● **Requirement**
A word-for-word copy is needed of the line containing "Blue River Escape" and every line after it through the end of the records below, leaving out all pictures.

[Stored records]
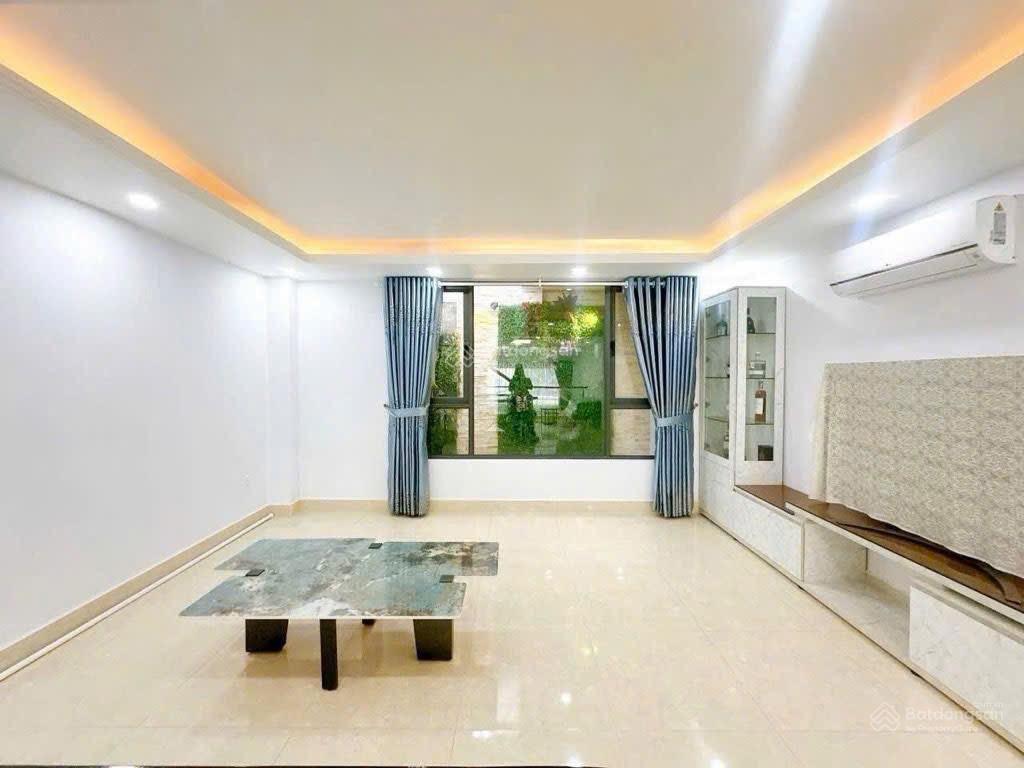 Bán nhà hẻm xe hơi q7  4 tầng xe hơi đậu trong nhà  chỉ 7,x tỷ
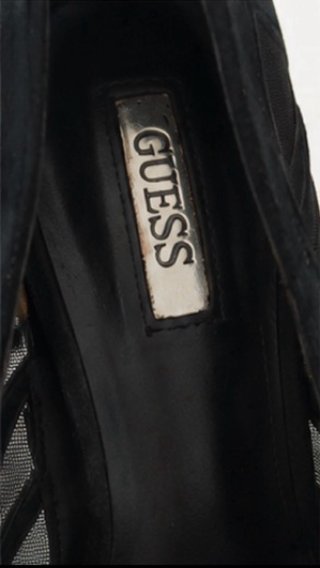 Zapatos de tacón Guess negros
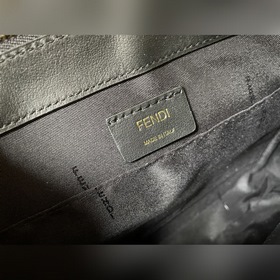 FENDI Увеличенная версия сумочки Little Monster 533 Итальянская 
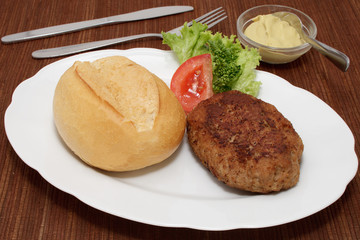 Frikadelle mit Brötchen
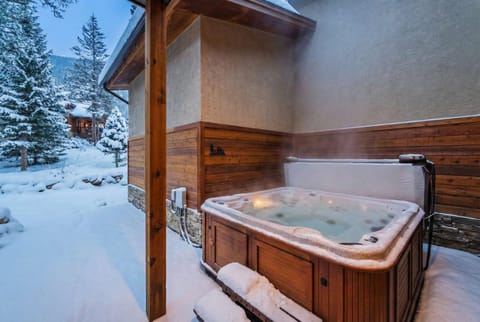 Blue River Escape Hot Tub Views and Game Room House in Blue River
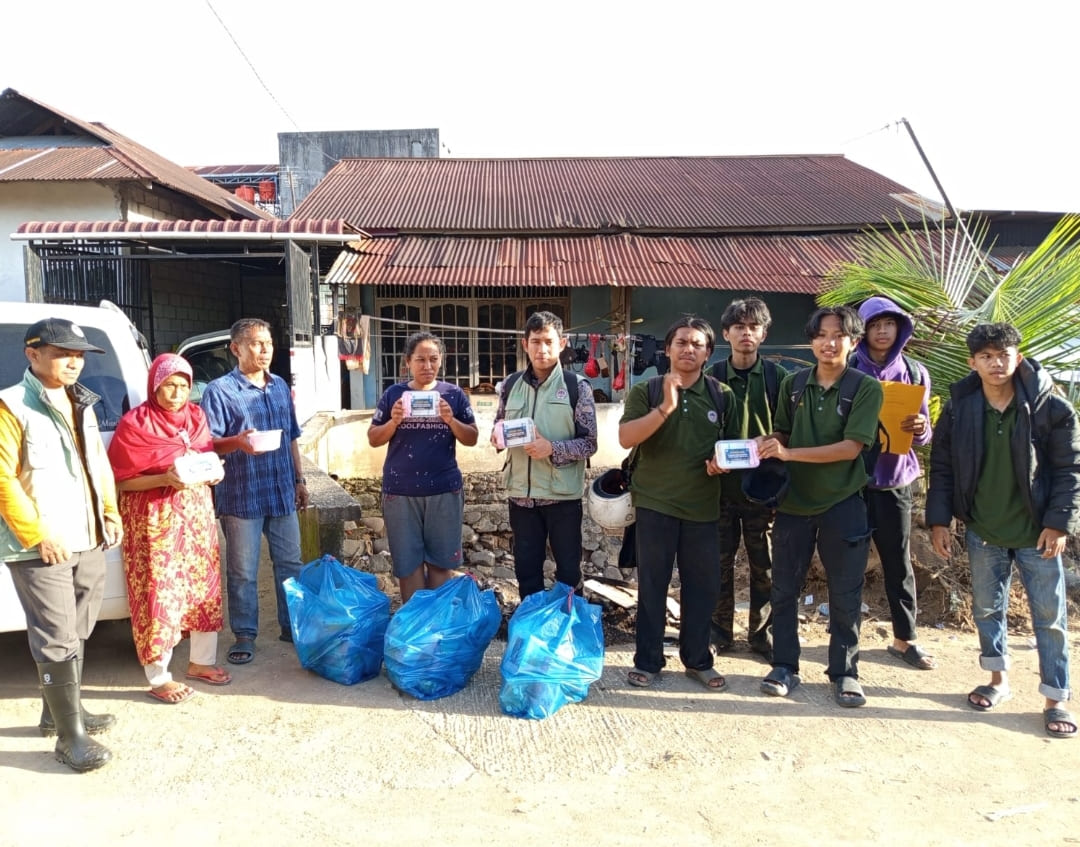 Tim PKM Universitas Negeri Padang menyalurkan P3K Kit ke lokasi strategis Kota Padang, mendukung mitigasi bencana dan kesiapsiagaan kesehatan warga.(Foto: Randi/Padek)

● **Your response**
 Blue River Escape Hot Tub Views and Game Room House in Blue River
 Tim PKM Universitas Negeri Padang menyalurkan P3K Kit ke lokasi strategis Kota Padang, mendukung mitigasi bencana dan kesiapsiagaan kesehatan warga.(Foto: Randi/Padek)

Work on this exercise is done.